Ele assumiu os teclados no lugar de Arnaldo Baptista, que rompeu com a banda deixando apenas seu irmão, Sérgio, remanescente da formação clássica. Contudo, o ex-Incrível teve vida curta no grupo paulistano. Manito passaria o bastão para o virtualíssimo Túlio Mourão, motor harmônico na fase mais progressiva dos Mutantes.
E o posto deixado pelo ex-Incríveis no SNDC foi ocupado por Tuca (teclado) e Egídio Conde (guitarrista), esse vindo do (sensacional) Moto Perpétuo, grupo que projetou Guilherme Arantes para o pop mais comercial na década seguinte. Com a nova formação, a trupe ficaria três anos longe dos estúdios até assinar com a CBS.
Blues do Verdi – Voando a 10.000 por hora
https://www.youtube.com/watch?v=kmXVhDr06Uo
Por exigência da gravadora, as longas e enigmáticas composições características do prog. ficaram em segundo plano. E o grupo apostou no suingue e balanço da black music e funk, ondas que ganhavam uma legião de adeptos e teve adesão de velhos e novos músicos.
Sob o título de Nosso Som, em 1977 a banda lançaria seu derradeiro trabalho antes de um hiato superior a três décadas. Esse disco é inspirado sob os ecos de Sly & the Family Stone, Funkadelic, Eric Burdon & War e Grand Funk Railroad.
A gafieira dominou o lado A, que foi batizado de Sábado. A metade da bolacha abre com um torpedo, a sensacional Pra Swingar, cujo arranjos de metais e piano estão no mesmo patamar do time da Motown. Já no lado B, a trupe resgata as ambientações baseadas no jazz e no avant-gard progressivo. Sonzeira para fazer cabeludos dançar e viajar pelos cosmos sem combustível.
O grupo se desmancharia no final daquele ano. Antes da prematura despedida, o SNCD deixou um compacto simples. E o título da faixa A inspirou o nome da banda carioca Black Rio, um dos mais cultuados grupo instrumental carioca.
Segundo LP, Nosso Som de 1977
https://www.youtube.com/watch?v=1I_GzeGUfus
Snegs voltaria às lojas para o deleite das novas gerações apenas no final da década de 1980, numa reedição em vinil bancada pela lendária Baratos e Afins; o único pecado, entretanto, foi limar o encarte original.

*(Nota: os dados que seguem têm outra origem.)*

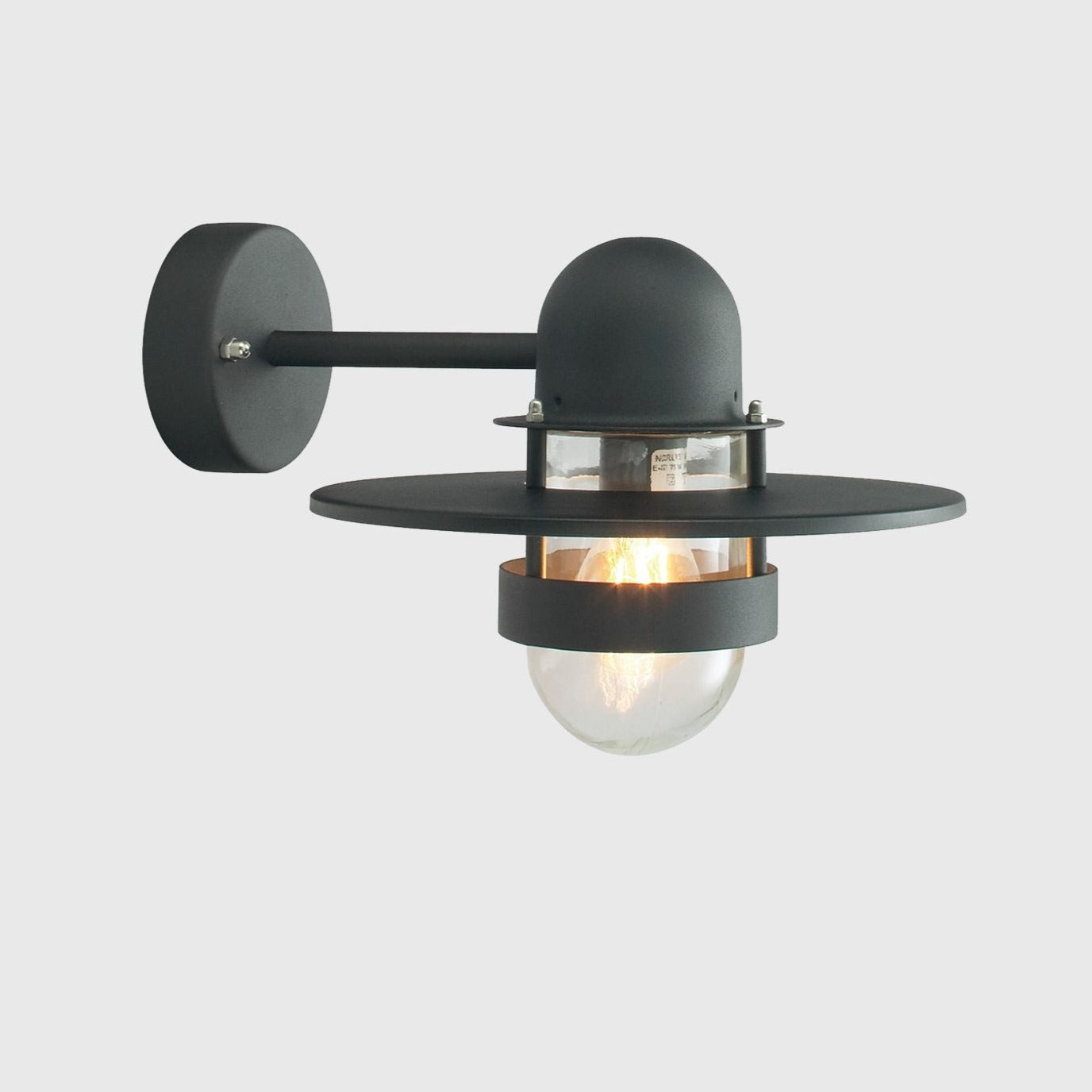 BERGEN WALL LIGHT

E em 1993, finalmente as longas suítes ganhariam vida digital. O selo Progressive Rock Worldwide arcou com a remasterização do petardo, equalizando alguns dos defeitos técnicos impostos devido às precárias condições dos estúdios brasileiros na gravação original. O grupo se reuniu para cunhar uma livre de derradeira adaptação da peça sinfônica do O Guarani, de Carlos Gomes (1836-96). A sensacional releitura entrou como faixa bônus no disquinho óptico.

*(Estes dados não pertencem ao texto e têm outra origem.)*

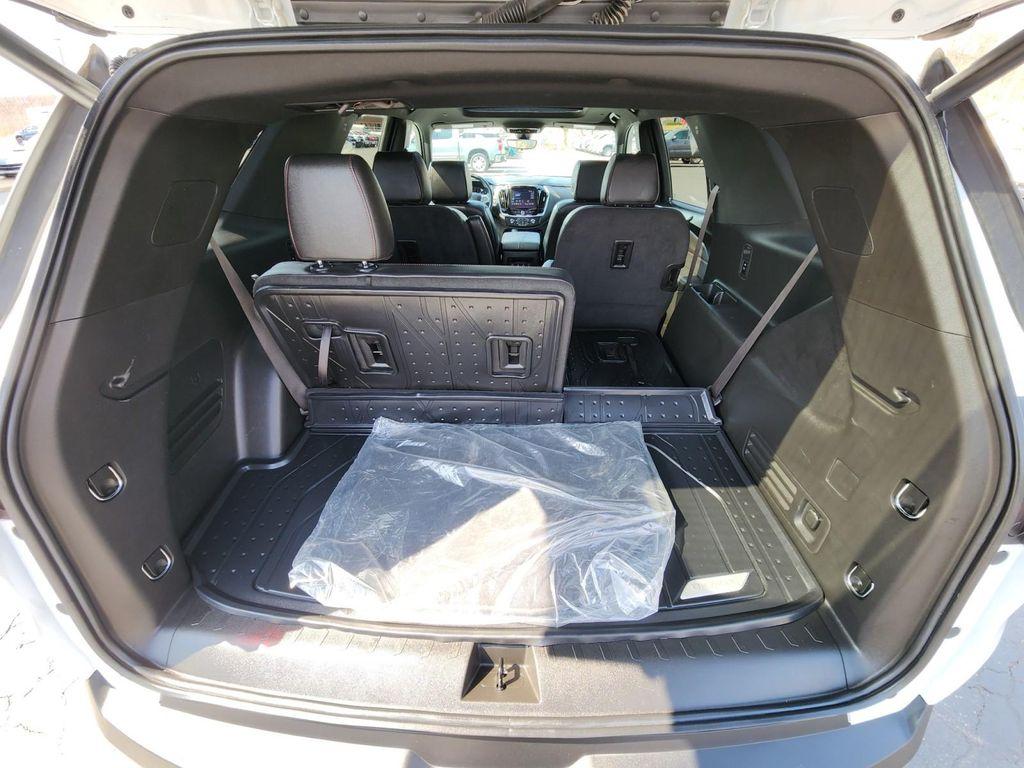 used 2023 Chevrolet Traverse car, priced at $41,875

Com a abertura da Caixa de Pandora do Brock, Som Nosso passou a ser venerando como um dos gigantes. O reconhecimento tardio originou uma série de reencontros de seus ex-integrantes e um disco ao vivo em 1994. Já no atual milênio, a banda abriria seus registros secretos para satisfazer novos e velhos fãs das complexas composições. O que desencadeou espetaculares bootleg´s, com íntegras de shows realizados na década de 1970.
Variações sobre Neblina
https://www.youtube.com/watch?v=A7QZwzmQ90M
De forma oficial, o grupo lançou apenas um apanhado de versões captadas nos palcos. O discaço duplo recebeu o sugestivo título A Procura da Essência (Ao Vivo 1975-1976) – nome sacado de um dos versos de Sinal da Paranóia, presente no álbum de debute da trupe. Cuidadosamente selecionado pelos integrantes da banda, o registro reúne rica safra de improvisações e versões estendidas de antigos clássicos de seu período mais progressivo. O material inclui a inédita e lendária suíte Amazônia, nunca lançada de forma integral.